A major pain point was the lack of a live component style guide. Engineers relied on static Figma files, Slack messages, or design system meetings to build components, often guessing how to implement them, which led to bespoke component creation and was beginning to slow down design to developer handover processes.
I paired with engineers and better understood their workflows, which resulted in the introduction of Lookbook, our live component preview tool. This streamlined collaboration by providing real-time updates, interactivity, and a reliable reference for building components.

Impact
The design system significantly reduced time-to-market for new features, improved consistency across platforms, and empowered cross-functional teams to collaborate effectively.

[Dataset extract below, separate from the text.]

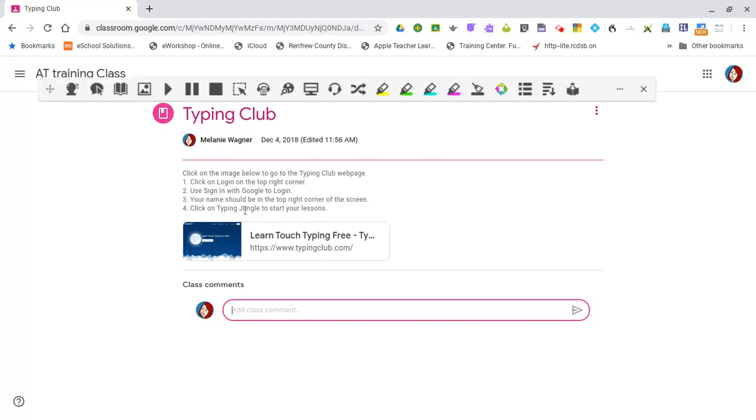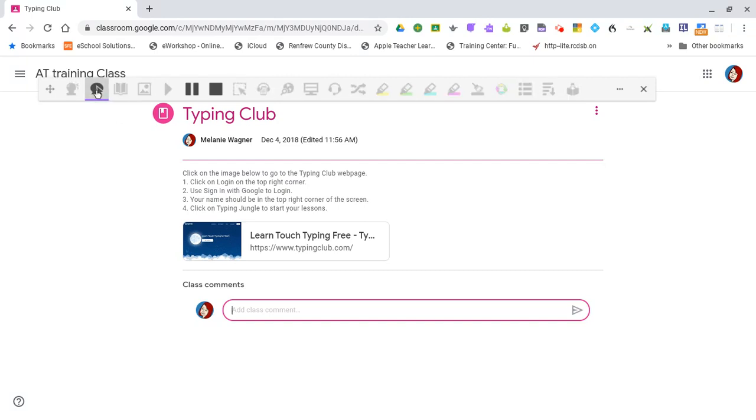If there are instructions to go with an assignment, we can use our Hover Speech to have the instructions read aloud to us. Click where we would like it to begin to read.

By refreshing our brand and aligning core elements, we created a foundation that enabled rapid scaling while maintaining product integrity.
These outcomes helped transform organisation-wide practices through standardisation frameworks, especially for developers.



Lessons learned
Every design system needs a strong foundation: Conducting internal research, aligning on brand identity, and establishing a clear foundation were essential steps. These created the alignment and clarity needed to drive consistent decision-making and scalable design solutions.
Repetition is key: Regular showcases, team meetings, and designer-developer pairing kept the design system top-of-mind and ensured alignment across teams.
Everyone is a user of your design system: Engaging non-design teams such as marketing, sales, and product management enriched the process, providing diverse perspectives that informed smarter decisions and encouraged broader adoption.